> _Work item_
Skip the pictures. Output only the lines below starting at the line with "Six claw marquise" and ending at the line with "2019 Baby Accessories", both ends included, exactly as they are.

Records contained in a dataset:
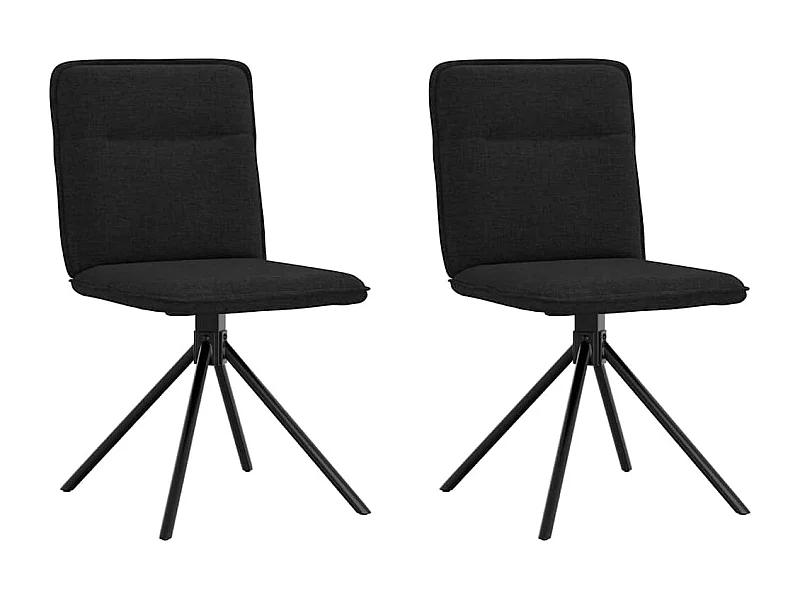 Chaises à manger lot de 2 noir tissu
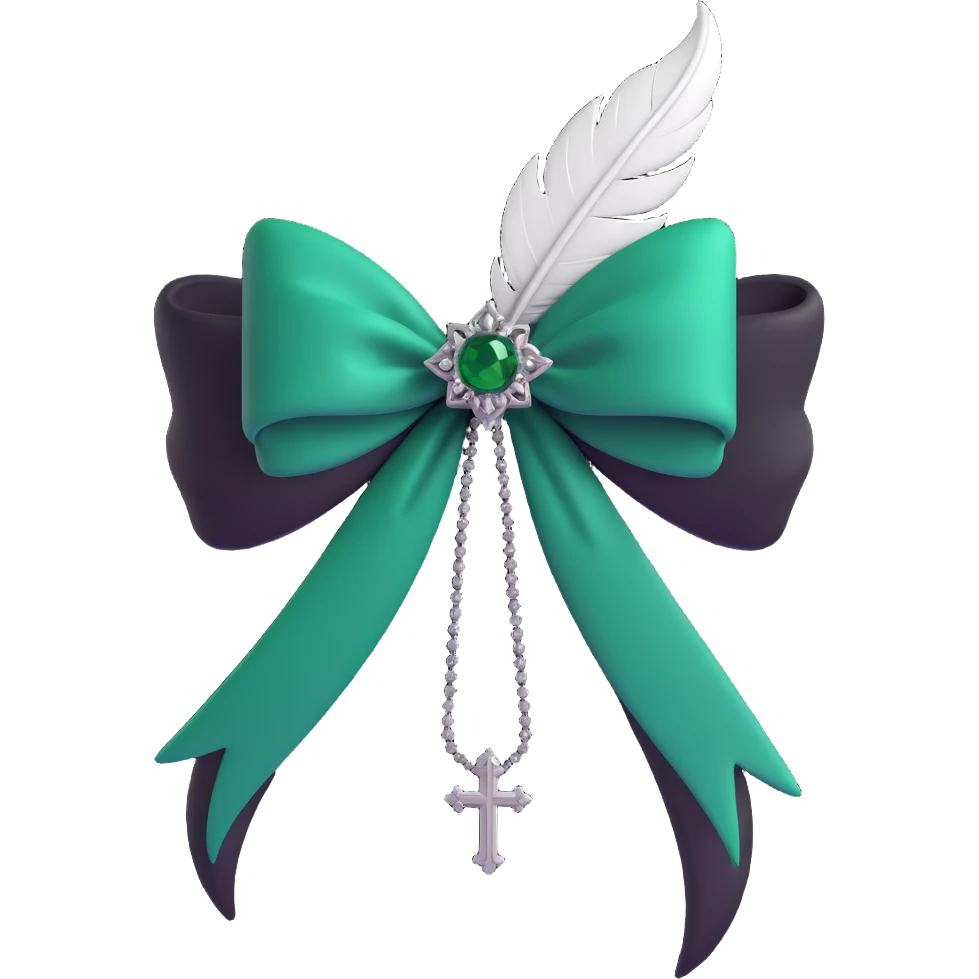 3D emoji gothic bow, dark emerald velvet, silver cross, feather details, lush and gothic emoji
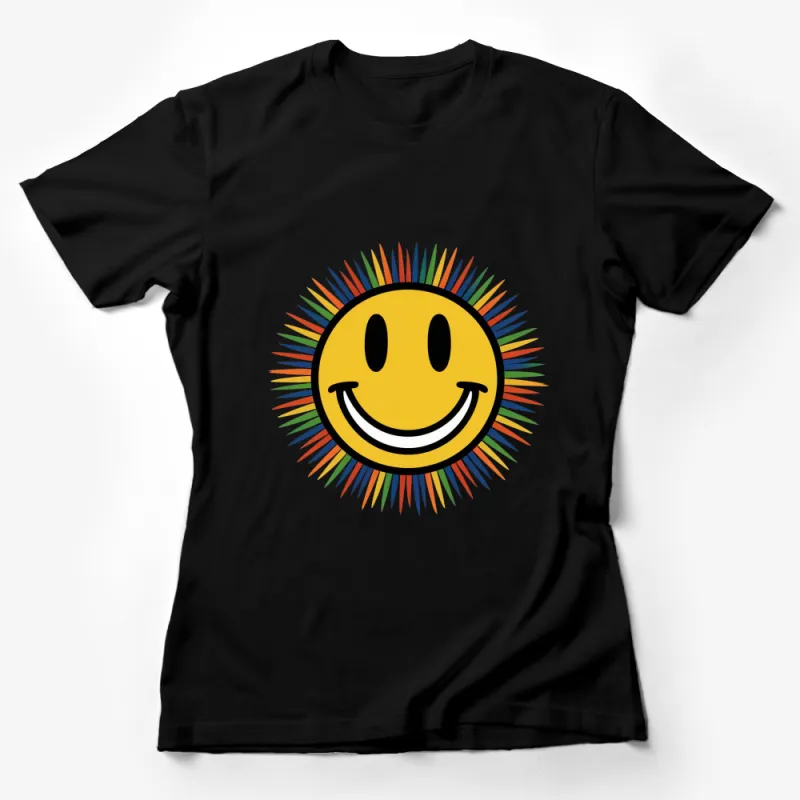 Colorful Smiley Face T-Shirt, Happy Face with Radiant Lines, Unisex Graphic Tee, Fun Summer Top Female T-Shirt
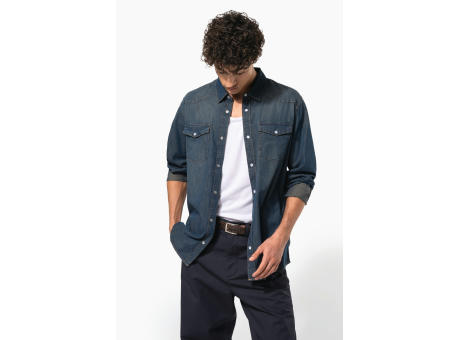 Camisa denim manga larga hombre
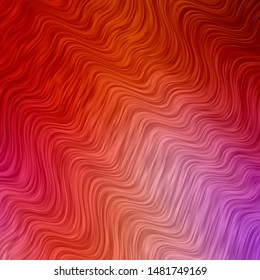 Light Pink, Yellow vector template with curves. Abstract illustration with bandy gradient lines. Pattern for commercials, ads.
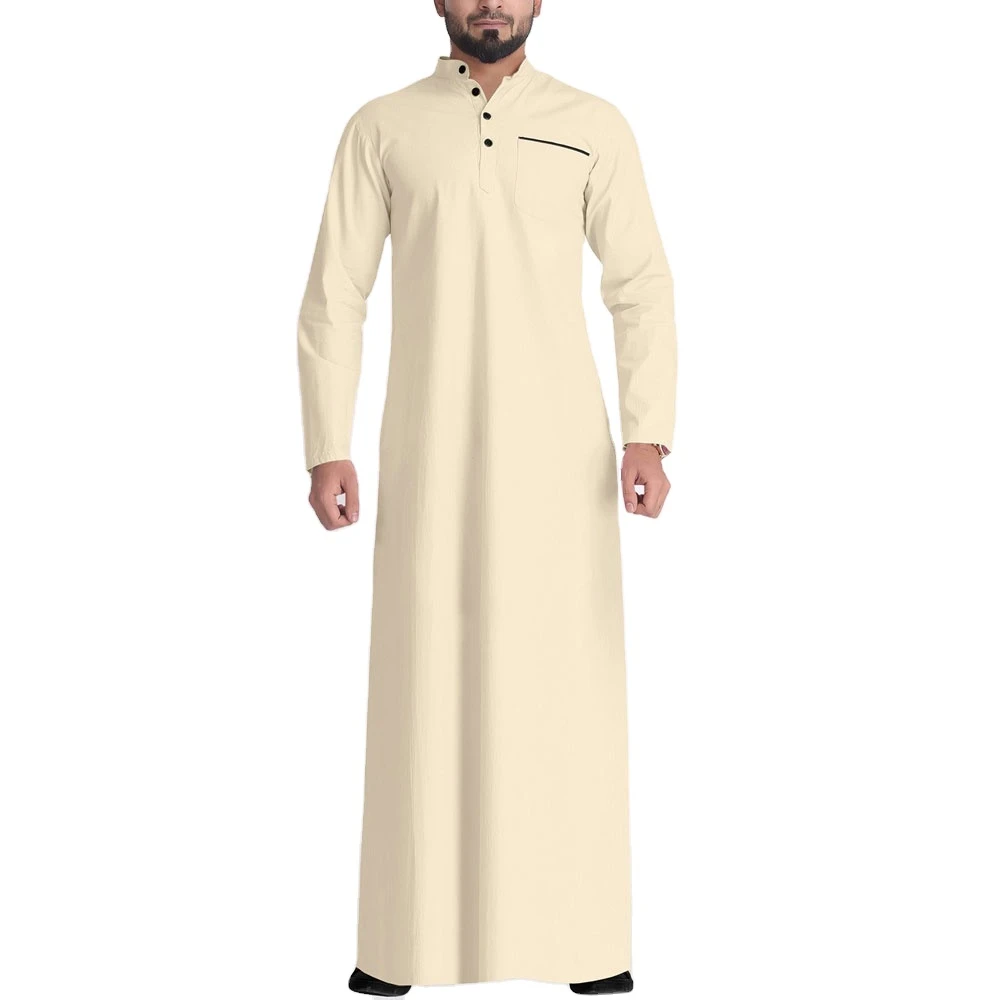 Jubbah Thobe Uomo Al-Daffah Bianco Qualità Alta Taglia 62 (L-XL) Per Eid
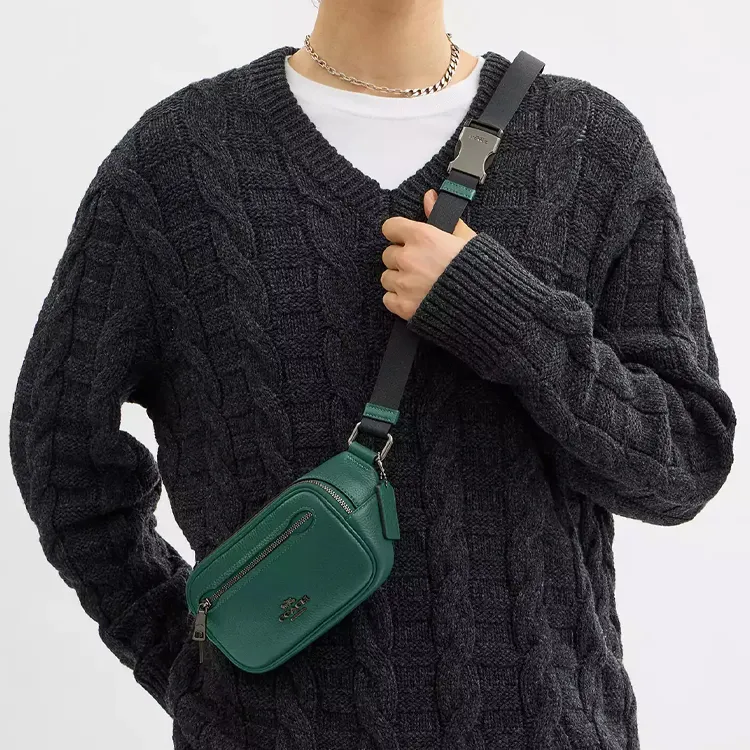 COACH Elias Litchi Grain Leather Fanny Pack Small Size Men's Emerald Green-3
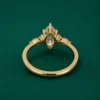 Six claw marquise diamond engagement ring detail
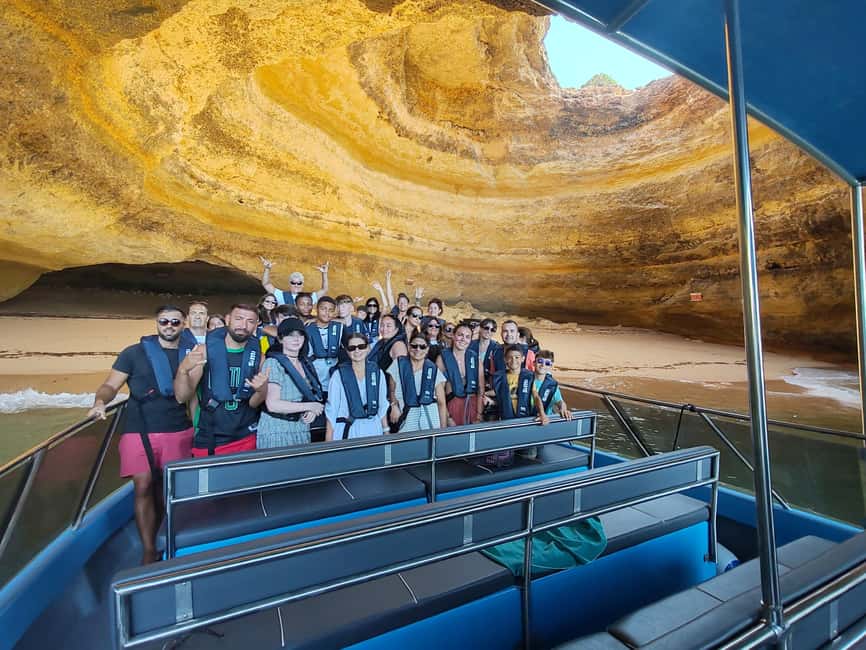 Lagos: Benagil Caves Catamaran Tour (2.5 hours) for the whole family - The swim and snorkeling break near the water, plus a complimentary drink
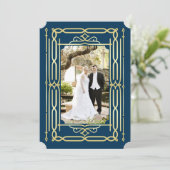 アールデコ愛と感謝してい金ゴールドブルー写真ありがとう サンキューカード (スタンド正面)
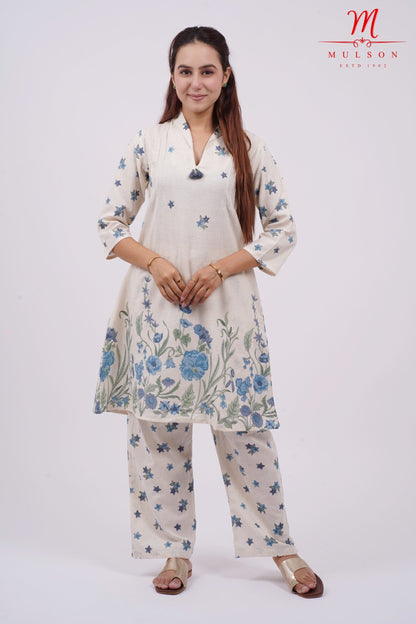 Cotton Kurta Set Mulson Cream Floral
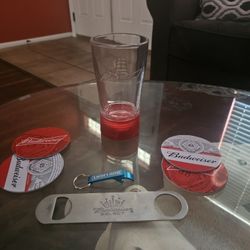Budweiser Beer Mug with 4 coasters and bottle openers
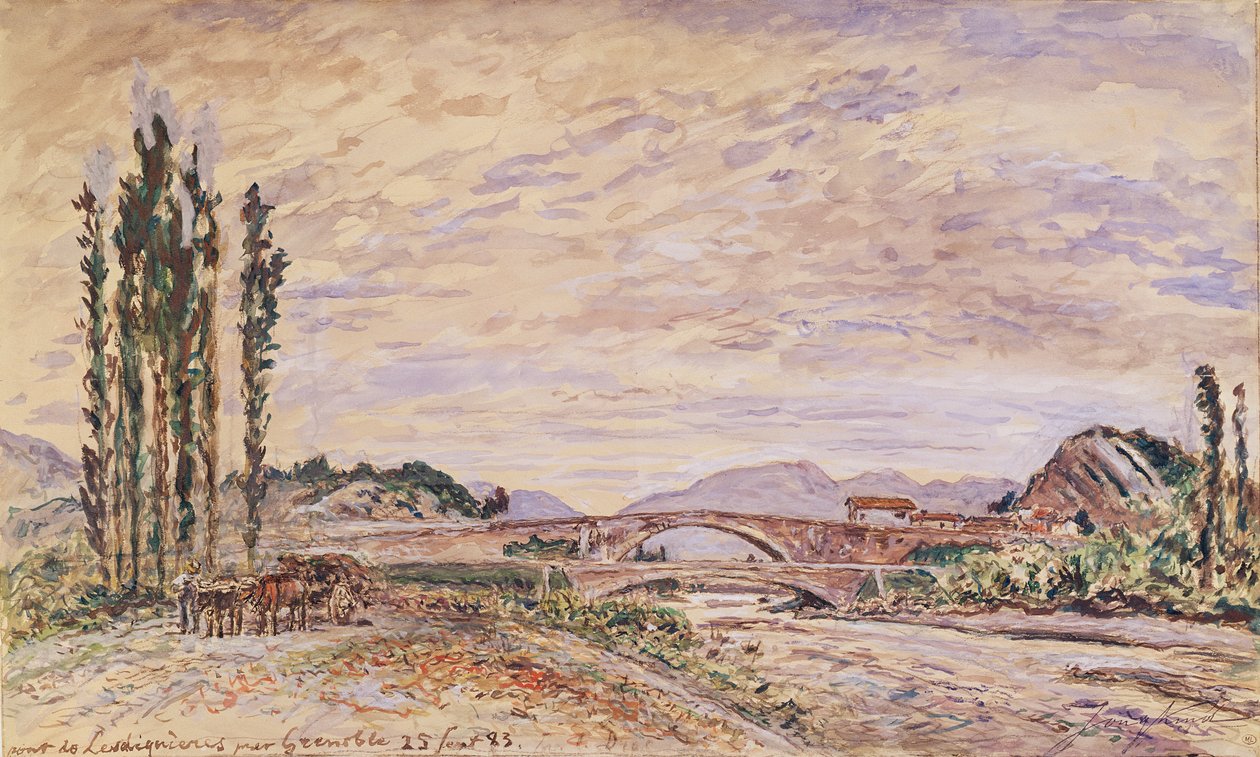 A Pont de Lesdiguieres, perto de Grenoble, 1883 de Johan Barthold Jongkind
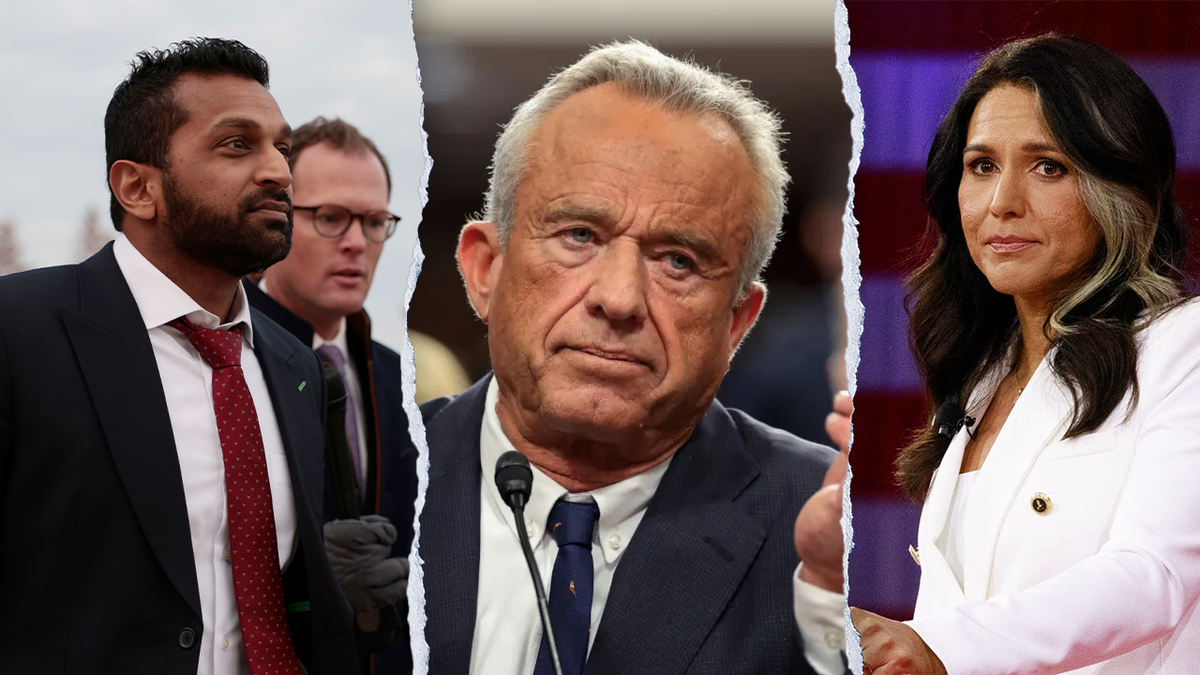 3-way photo split: Patel, RFK jr, and Gabbard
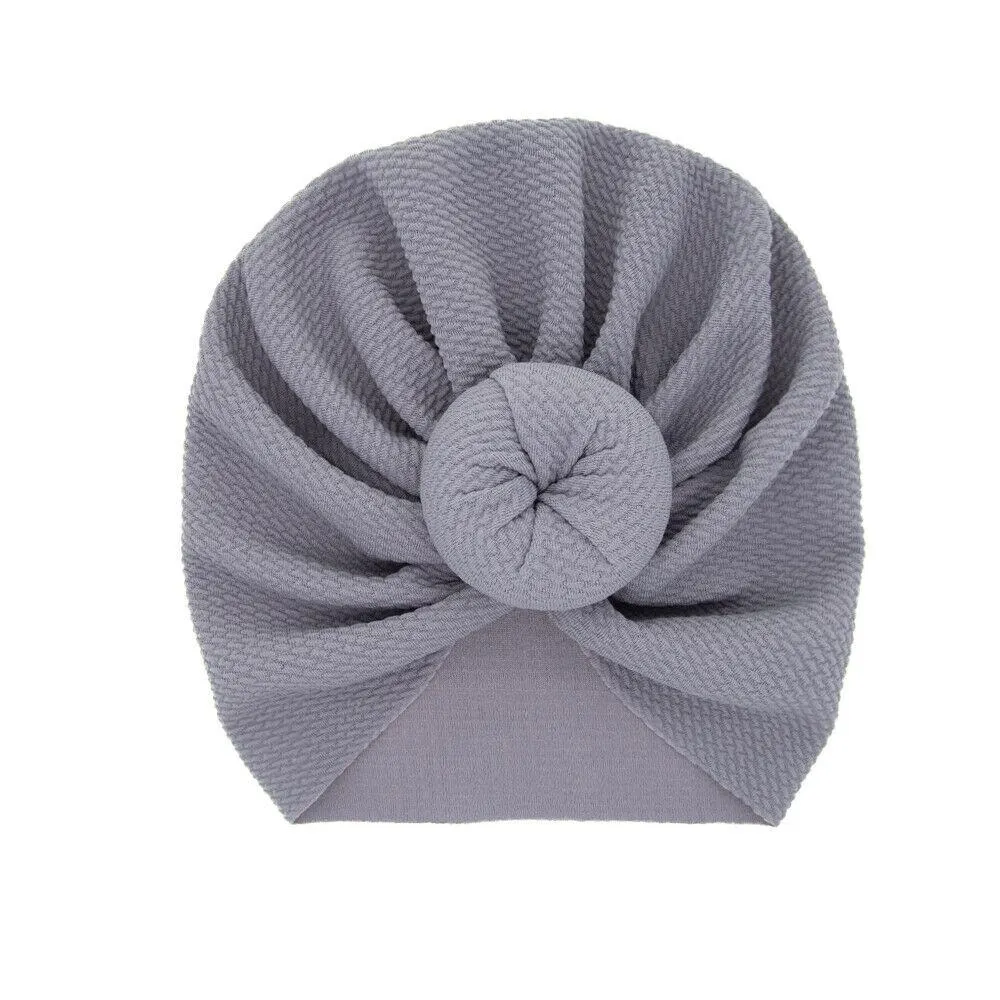 2019 Baby Accessories Newborn Toddler Kids Baby Boy Girl Solid Knot Hats Turban Cotton Beanie Candy Color Hat Winter Warm Cap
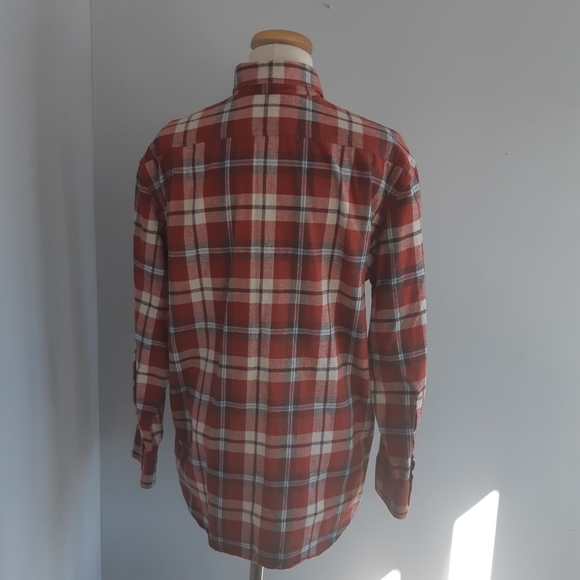 Midtown Plaid Shirt Button Down Short Sleeve Red White Mens Size L - Picture 2 of 13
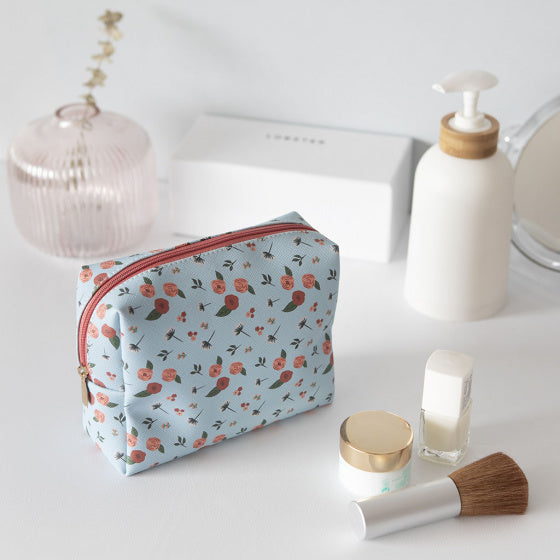 toilettas Bloem dames 12 x 16 x 6 cm polyester blauw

> _Final answer_
 Six claw marquise diamond engagement ring detail
 Lagos: Benagil Caves Catamaran Tour (2.5 hours) for the whole family - The swim and snorkeling break near the water, plus a complimentary drink
 アールデコ愛と感謝してい金ゴールドブルー写真ありがとう サンキューカード (スタンド正面)
 Cotton Kurta Set Mulson Cream Floral
Budweiser Beer Mug with 4 coasters and bottle openers
 A Pont de Lesdiguieres, perto de Grenoble, 1883 de Johan Barthold Jongkind
 3-way photo split: Patel, RFK jr, and Gabbard
 2019 Baby Accessories Newborn Toddler Kids Baby Boy Girl Solid Knot Hats Turban Cotton Beanie Candy Color Hat Winter Warm Cap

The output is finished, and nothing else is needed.